Le prime parole che ha voluto pronunciare Ivanov, il presidente uscente, nei confronti di Papa Francesco sono di elogio. «Siamo riconoscenti per il supporto continuo dato alla nostra integrazione in Europa e, in generale, al progresso del nostro Paese. Le eccellenti relazioni bilaterali fondano sulla centenaria fiducia e sul rispetto che il popolo della Macedonia nutre nei riguardi della Santa Sede». Il presidente ammette che in questo momento «la società macedone è profondamente divisa e il Paese macedone è profondamente ferito da promesse non mantenute, aspettative incompiute e la scarsa fiducia nella comunità internazionale. I decenni di blocco imposto al nostro cammino verso l’Europa hanno portato a una crisi politica e morale che ha ridotto la nostra immunità spirituale ed eroso i valori veri e duraturi». Poi fa un accenno ai contrasti inter religiosi tra la Croce e la Mezzaluna, «la chiesa e la moschea sono usati in maniera impropria come confini e fortezze per contrassegnare e difendere territori immaginari. Sembra che dimentichiamo che siamo tutti un popolo, a prescindere dalla nostra fede».

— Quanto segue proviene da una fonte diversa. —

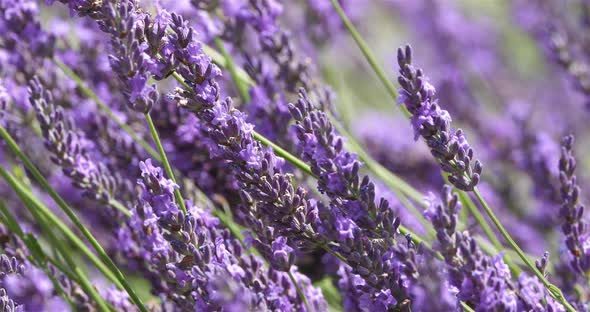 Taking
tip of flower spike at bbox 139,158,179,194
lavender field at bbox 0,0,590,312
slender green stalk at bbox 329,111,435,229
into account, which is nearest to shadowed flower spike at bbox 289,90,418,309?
lavender field at bbox 0,0,590,312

È la prima volta che un Papa si reca nella Repubblica della Macedonia del Nord. L'occasione ufficiale è festeggiare il 25esimo anniversario dell’allacciamento delle relazioni diplomatiche con la Santa Sede, che furono stabilite pochi anni dopo l’indipendenza, avvenuta nel settembre del 1991.

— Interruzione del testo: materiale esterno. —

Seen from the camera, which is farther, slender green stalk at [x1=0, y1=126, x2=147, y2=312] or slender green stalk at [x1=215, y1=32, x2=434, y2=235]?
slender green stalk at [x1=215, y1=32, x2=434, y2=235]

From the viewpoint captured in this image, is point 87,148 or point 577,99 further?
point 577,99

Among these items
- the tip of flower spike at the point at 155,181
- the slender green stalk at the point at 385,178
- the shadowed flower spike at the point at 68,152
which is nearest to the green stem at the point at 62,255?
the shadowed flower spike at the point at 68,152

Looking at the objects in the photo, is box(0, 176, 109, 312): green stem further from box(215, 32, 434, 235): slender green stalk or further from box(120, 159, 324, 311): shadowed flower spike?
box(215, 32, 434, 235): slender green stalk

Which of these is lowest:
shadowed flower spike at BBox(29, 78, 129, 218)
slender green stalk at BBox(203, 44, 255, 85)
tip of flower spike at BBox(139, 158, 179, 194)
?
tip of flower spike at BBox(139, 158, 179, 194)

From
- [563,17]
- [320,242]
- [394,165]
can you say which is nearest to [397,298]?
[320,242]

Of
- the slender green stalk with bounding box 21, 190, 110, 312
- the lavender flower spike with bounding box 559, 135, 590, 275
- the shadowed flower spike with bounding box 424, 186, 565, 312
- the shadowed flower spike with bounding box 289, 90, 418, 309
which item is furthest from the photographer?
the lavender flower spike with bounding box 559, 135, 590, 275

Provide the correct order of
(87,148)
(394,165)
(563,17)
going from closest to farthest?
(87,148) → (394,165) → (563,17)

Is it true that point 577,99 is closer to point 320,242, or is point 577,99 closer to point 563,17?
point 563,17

Davati al memoriale di Madre Teresa di Calcutta che nacque in un sobborgo di Skopje nel 1910 col nome di Anjezë Gonxha Bojaxhiu, il Papa ha invitato i macedoni ad essere «giustamente fieri di questa grande donna. Vi esorto a continuare a lavorare con impegno, dedizione e speranza affinché i figli e le figlie di questa terra possano, sul suo esempio, scoprire, raggiungere e maturare la vocazione che Dio ha sognato per loro».